La configuration de CARP se fait en fait comme pour une interface réseau classique :

R1:

/etc/hostname.carp0:

vhid 125 pass pwd12345 carpdev vlan0 advbase 3 advskew 1 state master
30.30.30.254 netmask 255.255.255.0

R2:

/etc/rc.conf:

[...]
ifconfig_dwc0_300_alias0="vhid 125 advbase 3 advskew 200 \
  state backup pass pwd12345 alias 30.30.30.254/24"

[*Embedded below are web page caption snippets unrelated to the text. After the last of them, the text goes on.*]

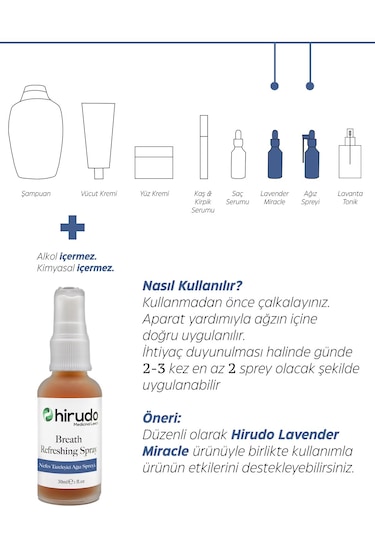 Nefes Tazeleyici Ağız Spreyi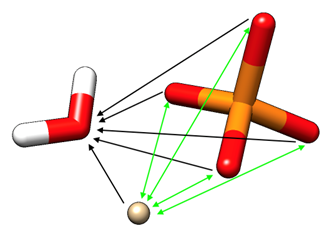 System of modified C4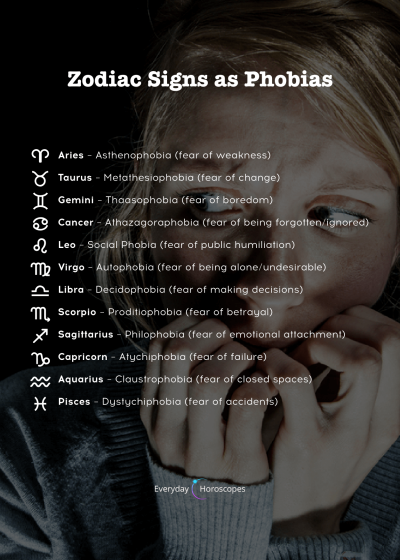 #dailyhoroscope #todayhoroscope #horoscope #zodiacsigns What phobia are you based on your zodiac sign? More…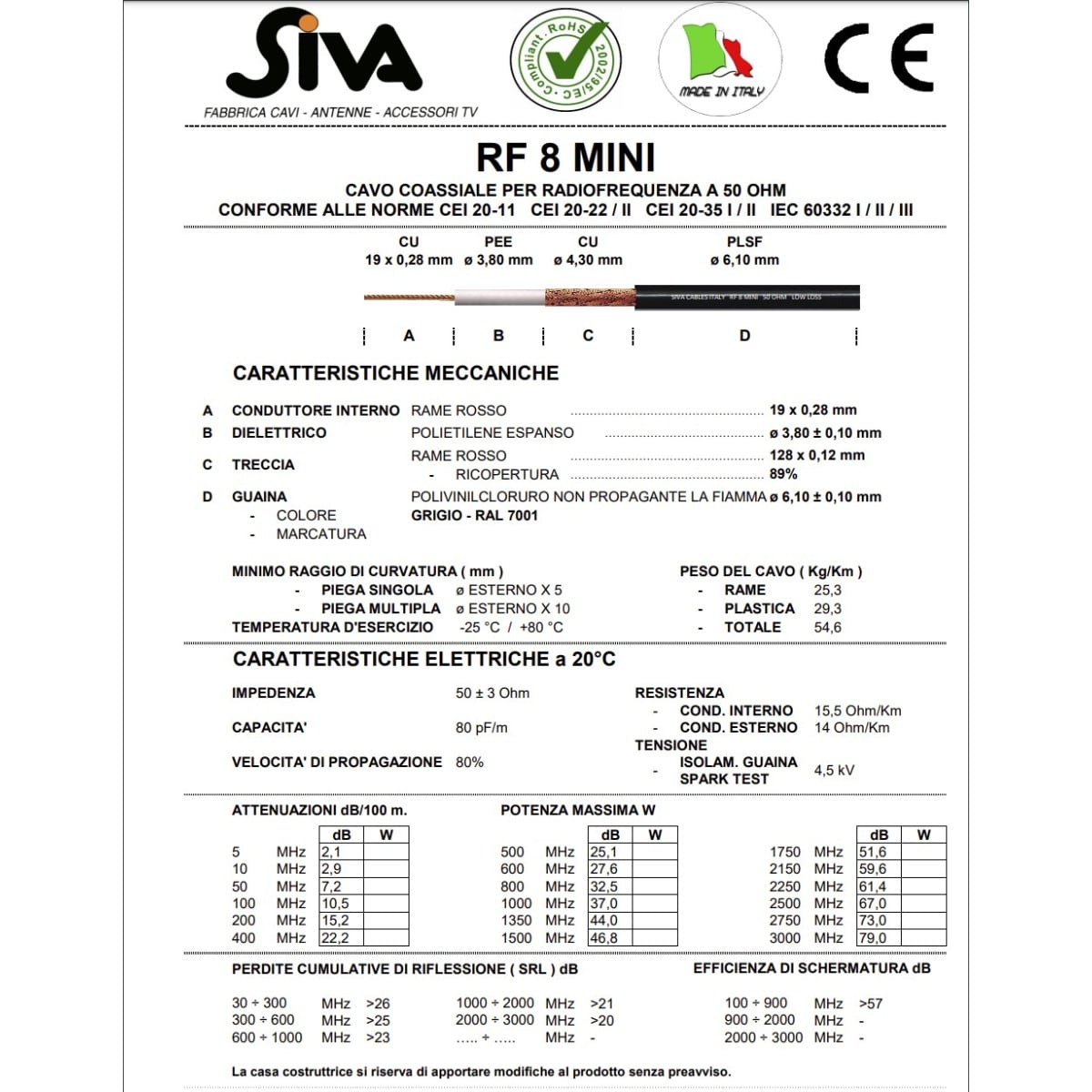Cavo Coassiale RF8 mini tipo RG 8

Une fois que CARP est mis en place, nous configurons PF, pour filtrer les flux que nous laissons passer sur notre réseau. Les configurations suivantes, différentes pour R1 et R2 (puisque FreeBSD et OpenBSD n’utilisent pas les mêmes versions de PF), sont évidemment à modifier en fonction de votre installation: elles sont très minimales (ne laissant même pas passer le http…)

Pour R1:

/etc/pf.conf:

set skip on lo

# définition des variables
int="30.30.30.0/24"
ext="0.0.0.0/0"
int_addr="30.30.30.1"
int_if="vlan0"
ext_if="vlan1"

# defaut : bloquage
block all

# vérification des paquets, anti-spoofing
antispoof for $int_if
antispoof for $ext_if

# nous laissons passer l'icmp
pass proto icmp

# nous mettons en place le NAT de l'interieur vers Internet
pass in on $int_if from $int to any keep state
pass out on $ext_if from $int to $ext nat-to $int_if keep state

# carp, pfsync et dhcpsync
pass out on $int_if proto carp keep state
pass quick on $int_if proto pfsync keep state
pass in on $int_if proto udp to any port 8067 keep state
pass out on $int_if proto udp to any port 8067 keep state

# nous laissons passer les connexions SSH vers le routeur
pass in on $int_if proto tcp from $int to $int_addr port ssh keep state
pass out on $int_if proto tcp from $int_addr port ssh to $int keep state

Et pour R2:

/etc/pf.conf:

set skip on lo

# définition des variables
int="30.30.30.0/24"
ext="0.0.0.0/0"
int_addr="30.30.30.2"
int_if="dwc0.300"
ext_if="dwc0.500"

# défaut : bloquage
block all

# vérification des paquets, anti-spoofing
antispoof for $int_if
antispoof for $ext_if

# nous laissons passer l'icmp
pass proto icmp

# nous mettons en place le NAT de l'interieur vers Internet
nat on $ext_if from $int to any -> ($ext_if)
pass in on $int_if from $int to any keep state
pass out on $ext_if from any to $ext

# carp, pfsync et dhcpsync
pass out on $int_if inet proto carp keep state
pass quick on $int_if inet proto pfsync keep state
pass in on $int_if inet proto udp to port 8067 keep state
pass out on $int_if inet proto udp to port 8067 keep state

# nous laissons passer les connexions SSH vers le routeur
pass in on $int_if inet proto tcp from $int to $int_addr \
port ssh keep state
pass out on $int_if inet proto tcp from $int to $int_addr \
port ssh keep state

Une fois que PF est configuré, on passe a pfsync, qui permet de synchroniser l’état de deux instances de PF, même de versions différentes (je trouve ce truc génial):

Pour R1:

/etc/hostname.pfsync0:

syncdev vlan0 syncpeer 30.30.30.2

Et pour R2:

/etc/rc.conf:

pfsync_enable="YES"
pfsync_syncdev="dwc0.300"
pfsync_syncpeer="30.30.30.1"

Passons à ifstated. Puisque R1 supporte le multihoming mais pas R2, nous allons faire en sorte que R1 aie une route multipath vers R2. De cette façon, R1 (qui est la machine principale pour CARP, et reçoit donc toutes les connexions venant du réseau interne), transmet la moitié de ces connexions vers R2, qui les gère comme nécessaire. Si R1 arrête de fonctionner, R2 récupère l’ensemble des connexions (grâce a CARP), qui ne sont pas interrompues (grâce a pfsync). Si R2 arrête de fonctionner, ifstated rentre en action et retire la route multipath de R1 vers R2, ce qui permet d’éviter de transmettre la moitié des connexions à un routeur qui ne fonctionne plus (c’est en général une chose a éviter).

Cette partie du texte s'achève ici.